====== Entries provided

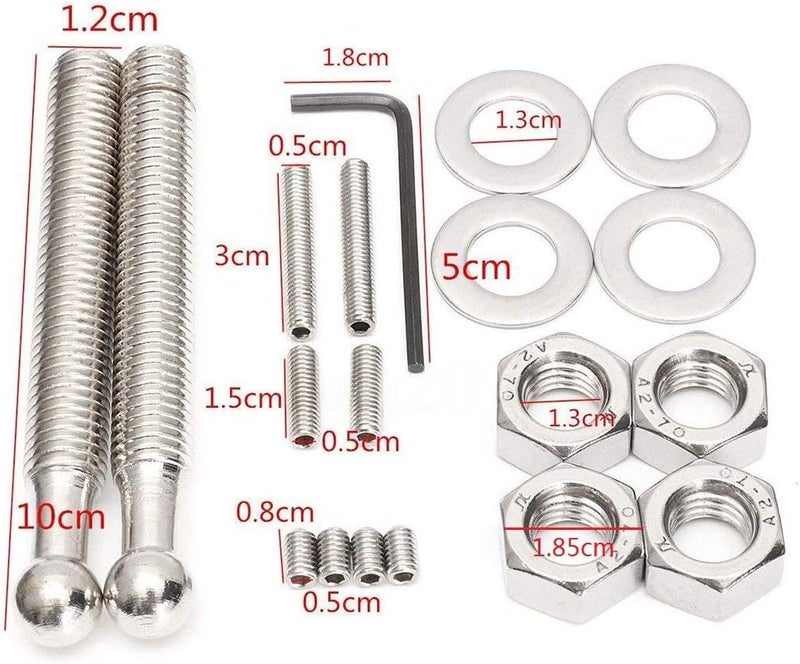 ANJOSHI 2Pack Quick Release Latch Universal 2.44in/62mm Diameter Universal Aluminum Alloy Push Button Quick Latch Hood Pins Lock Clip Kit for Auto Car Hood Pins Lock(2Pack Pro) - Image 3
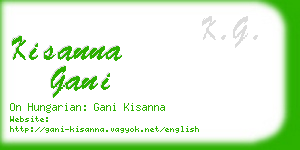 kisanna gani business card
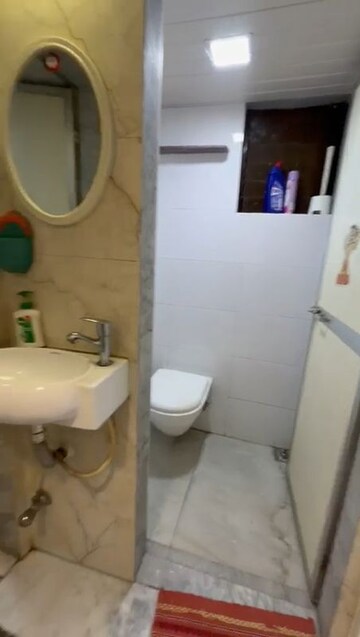 Bathroom in 2 BHK Apartment at Mahape – for Rent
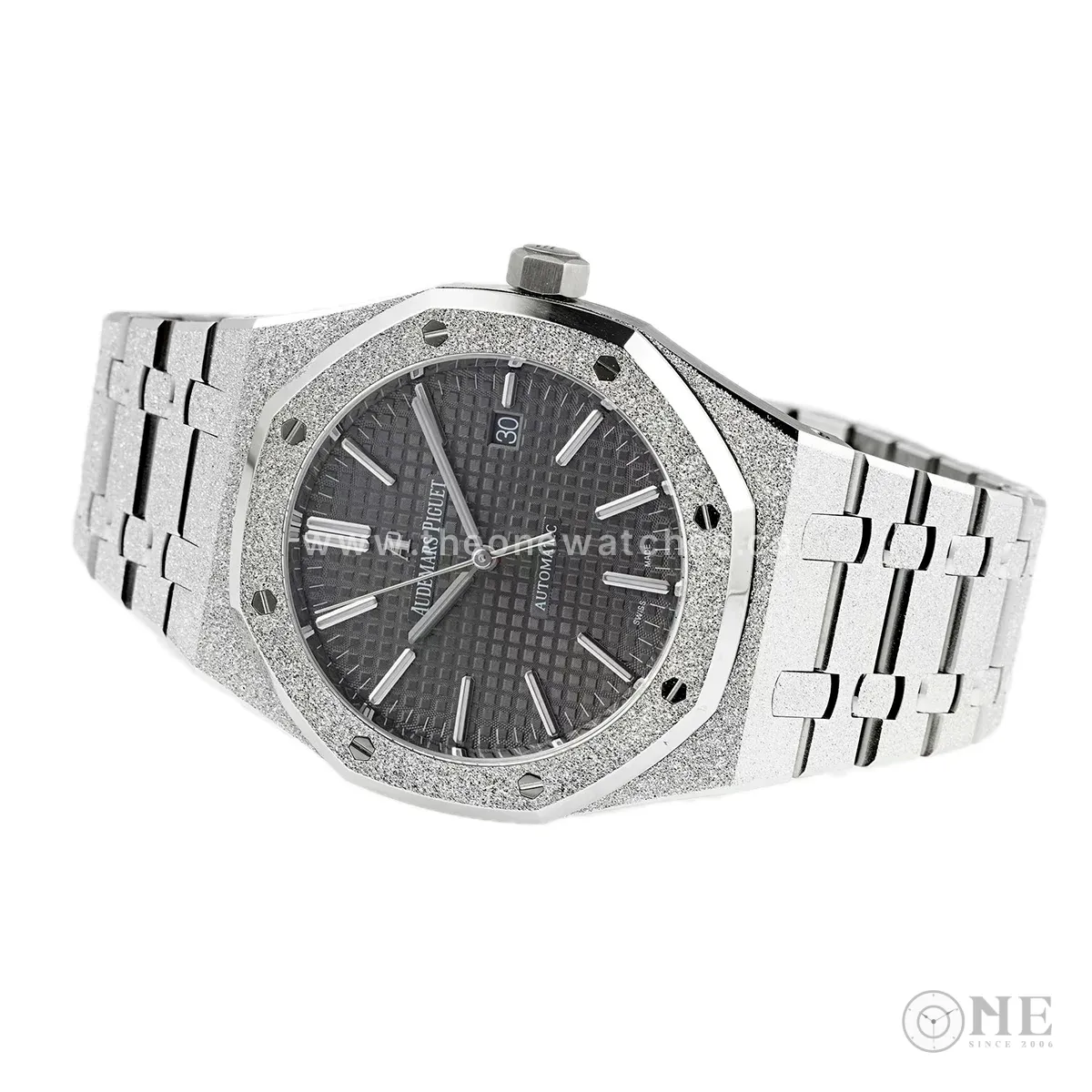 Royal Oak 15450ST 37mm Grey Dial in Frosted Gold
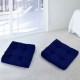 Navy 21x21 inch patio chair seat cushion pads, lightweight, waterproof, and sun-resistant for indoor and outdoor use.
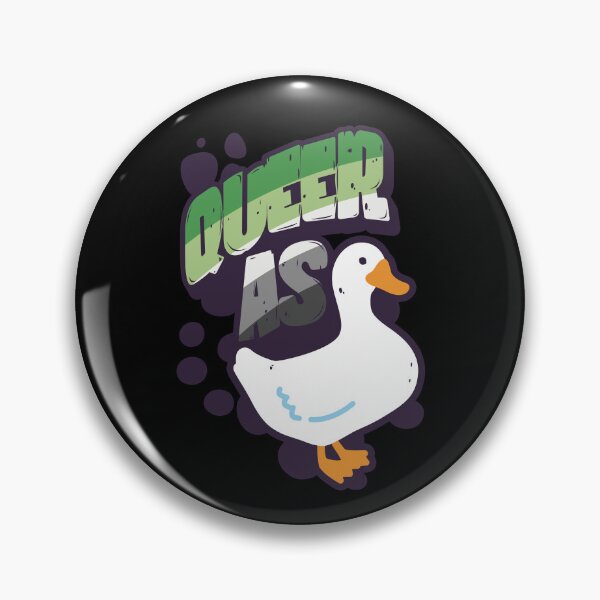 Item preview, Aromantic Queer as Duck LGBT Pride Flag designed and sold by Clara Hollins.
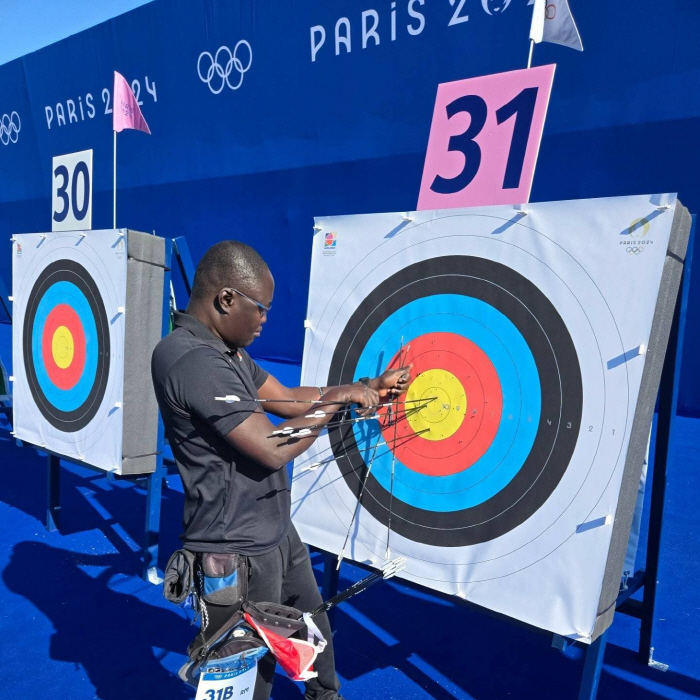  A great 1 point that summoned Musambani 24 years ago. Chadian Men's Archery Madaye's Beautiful Challenge Spirit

============

### Exercise instructions
Beginning with the line with "Royal Oak 15450ST", repeat the entries above exactly, up to and including the last line, leaving out pictures.

### Answer space
 Royal Oak 15450ST 37mm Grey Dial in Frosted Gold
 Navy 21x21 inch patio chair seat cushion pads, lightweight, waterproof, and sun-resistant for indoor and outdoor use.
 Item preview, Aromantic Queer as Duck LGBT Pride Flag designed and sold by Clara Hollins.
  A great 1 point that summoned Musambani 24 years ago. Chadian Men's Archery Madaye's Beautiful Challenge Spirit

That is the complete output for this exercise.